I attached the output as a text file.


----------



## tuaris (Jan 31, 2009)

I would really like not to have to uninstall everything PHP, but if it's the only way.  Then please tell me how to do it.


----------



## tuaris (Feb 3, 2009)

Can some one please help? My PHP is broken.


----------



## danger@ (Feb 3, 2009)

`# pkg_delete -f php5-\*`


----------



## tuaris (Feb 3, 2009)

That did not work:

pkg_delete -f php5-\*
pkg_delete: package 'php5-bz2-5.2.8' is required by these other packages
and may not be deinstalled (but I'll delete it anyway):
phpMyAdmin-3.1.2
Segmentation fault: 11 (core dumped)


----------



## danger@ (Feb 3, 2009)

your system is broken, I don't know what's going on...
would be helpful to know what's dumping core for you...


----------



## tuaris (Feb 3, 2009)

I was finally able to get this fixed, and it wasn't pretty.

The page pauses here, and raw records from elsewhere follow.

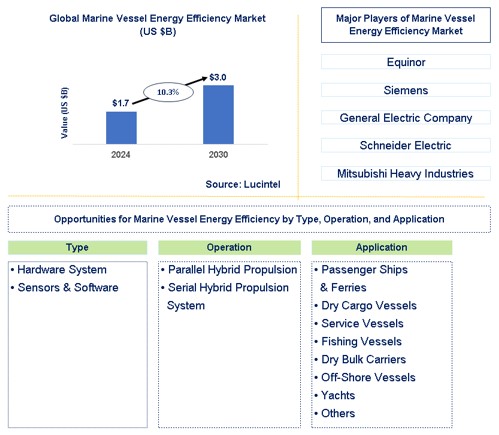 Marine Vessel Energy Efficiency Market Trends and Forecast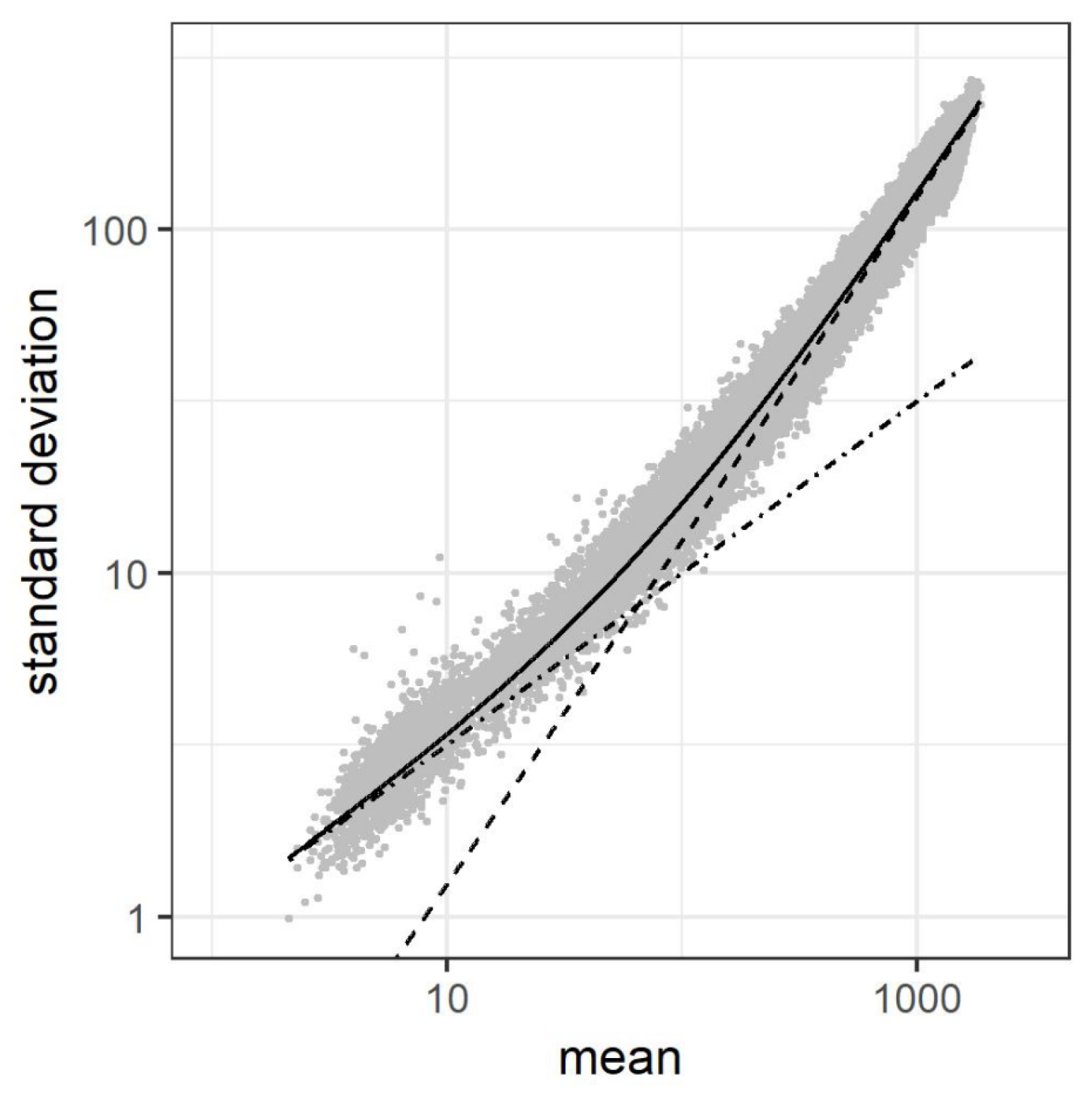 Stats 02 00005 g001 Stats 02 00005 g001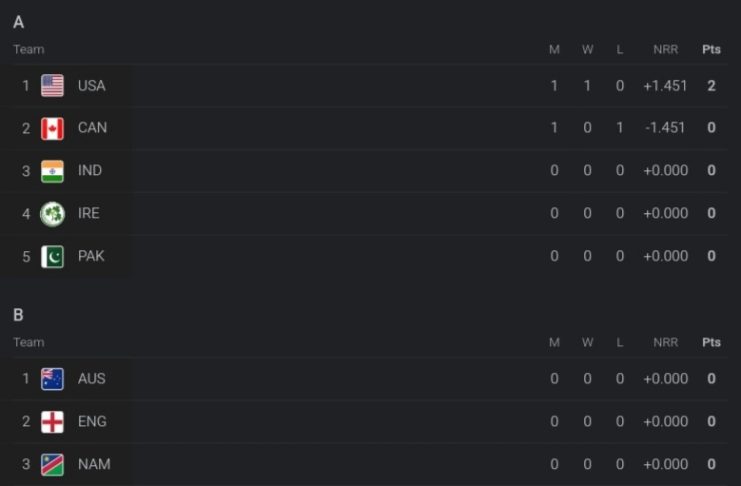 T20 World Cup 2024 Points Table Latest Updated After USA vs Canada Match | ICC Men's T20 World Cup 2024 Standings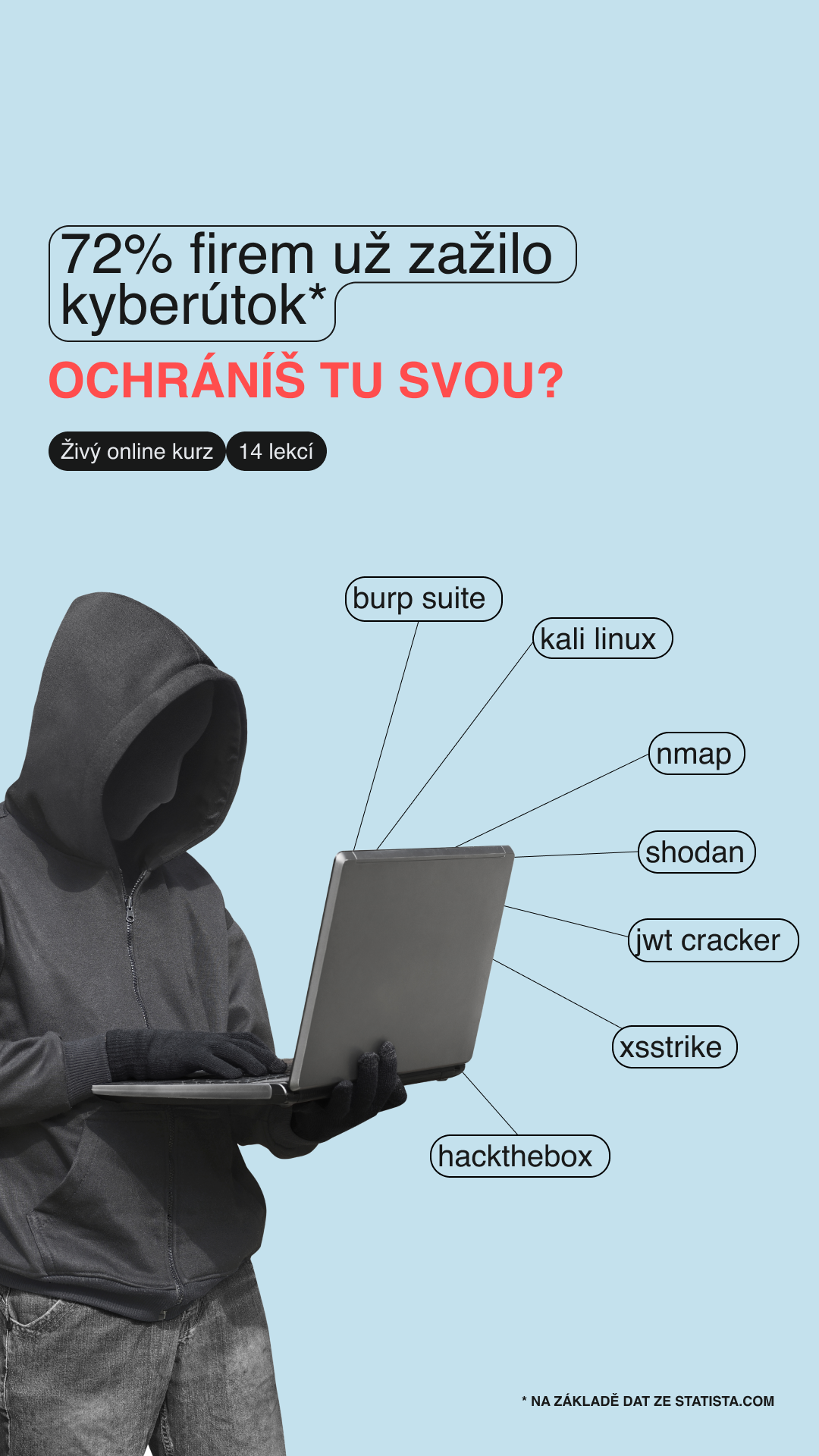 RobotDreams Czech Facebook ad from Feb 22, 2026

I had do go to each php5 port, delete it from /var/db/pkgdb, do a "make install" then a "make deinstall" until everything PHP was removed.  I rebuilt the ports db with "pkgdb -fu" and ran "portmaster -aud" to make sure everything is up to date.

After that, I was able to ahead and reinstall my PHP ports as needed.

My only question now is what happened? why did the command I first posted destroy my system?


----------



## mecano (Feb 6, 2009)

Have similar problem but with automake, have a read here http://www.nabble.com/pkg_delete-core-dump-td20546143.html
and here
http://forums.freebsd.org/showthread.php?t=2014


----------